» **AIM OF THE EXERCISE**
The answer is to be the lines below that lie between the line holding "Piedras de Grava" and the line holding "White sparks and", inclusive, transcribed exactly and free of pictures.

» **GIVEN INFORMATION**
☆ ☆ ☆ ☆ ☆ ☆ ☆
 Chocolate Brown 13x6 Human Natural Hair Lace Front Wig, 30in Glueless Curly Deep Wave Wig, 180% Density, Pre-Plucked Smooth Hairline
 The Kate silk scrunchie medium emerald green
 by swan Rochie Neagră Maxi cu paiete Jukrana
☆ ☆ ☆ ☆ ☆ ☆ ☆
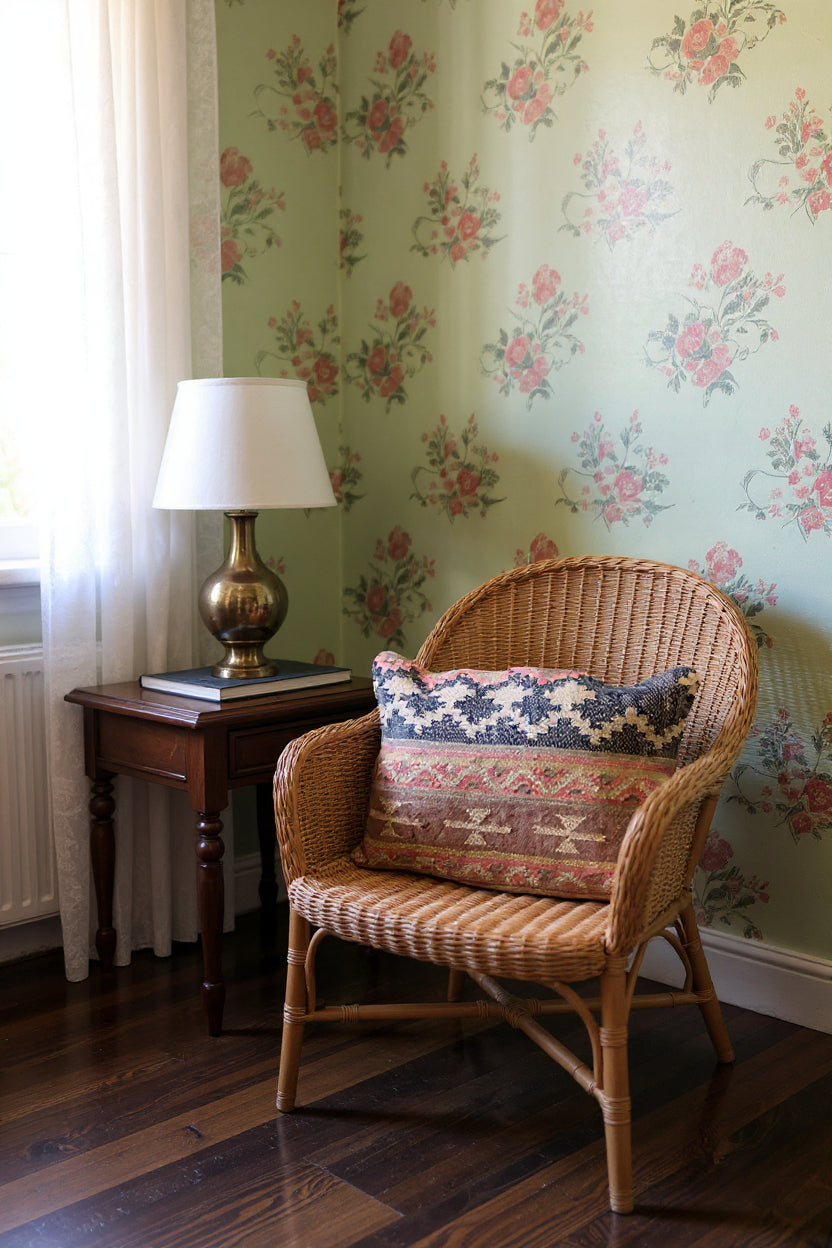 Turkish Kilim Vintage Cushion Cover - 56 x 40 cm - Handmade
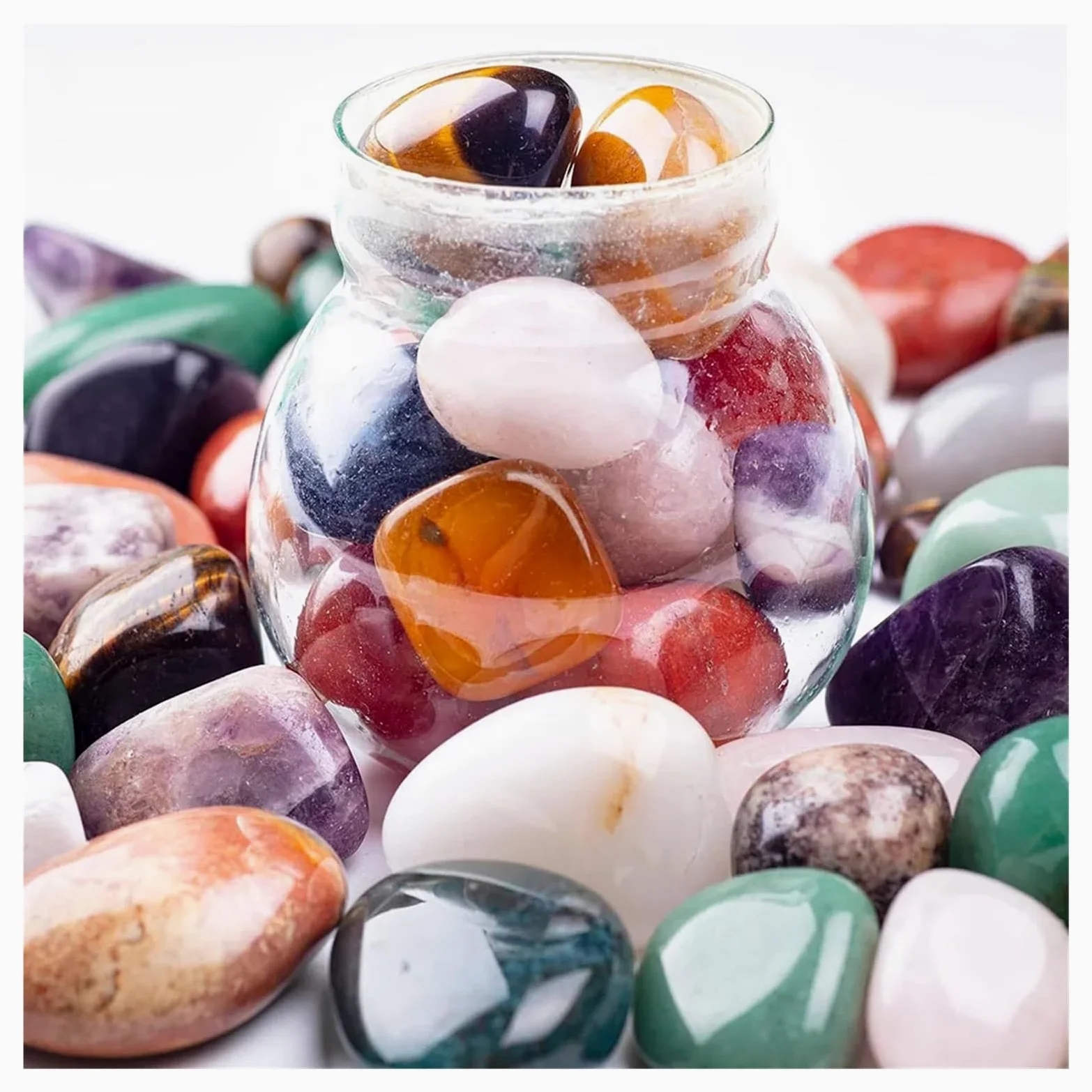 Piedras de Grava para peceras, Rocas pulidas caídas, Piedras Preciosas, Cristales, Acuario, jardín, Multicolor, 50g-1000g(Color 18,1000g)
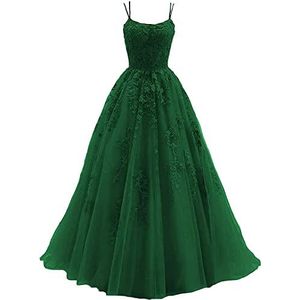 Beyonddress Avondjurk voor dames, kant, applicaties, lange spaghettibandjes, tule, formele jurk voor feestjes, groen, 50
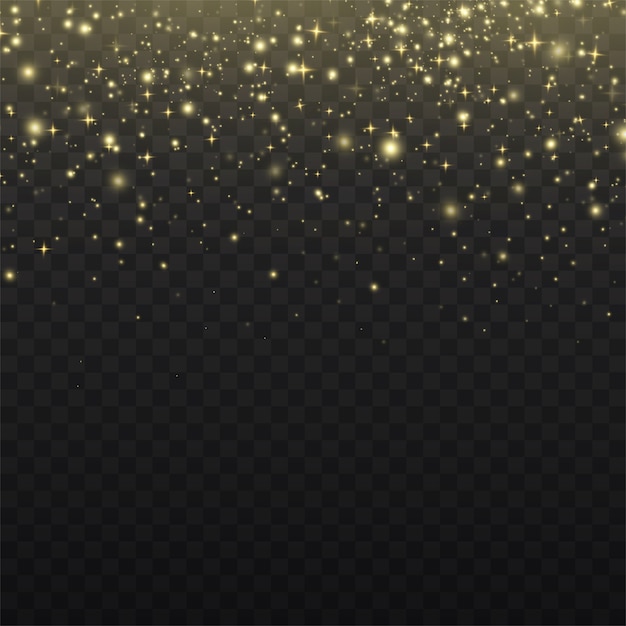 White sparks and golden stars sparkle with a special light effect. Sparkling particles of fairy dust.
☆ ☆ ☆ ☆ ☆ ☆ ☆
» **TASK RESULT**
 Piedras de Grava para peceras, Rocas pulidas caídas, Piedras Preciosas, Cristales, Acuario, jardín, Multicolor, 50g-1000g(Color 18,1000g)
 Beyonddress Avondjurk voor dames, kant, applicaties, lange spaghettibandjes, tule, formele jurk voor feestjes, groen, 50
 White sparks and golden stars sparkle with a special light effect. Sparkling particles of fairy dust.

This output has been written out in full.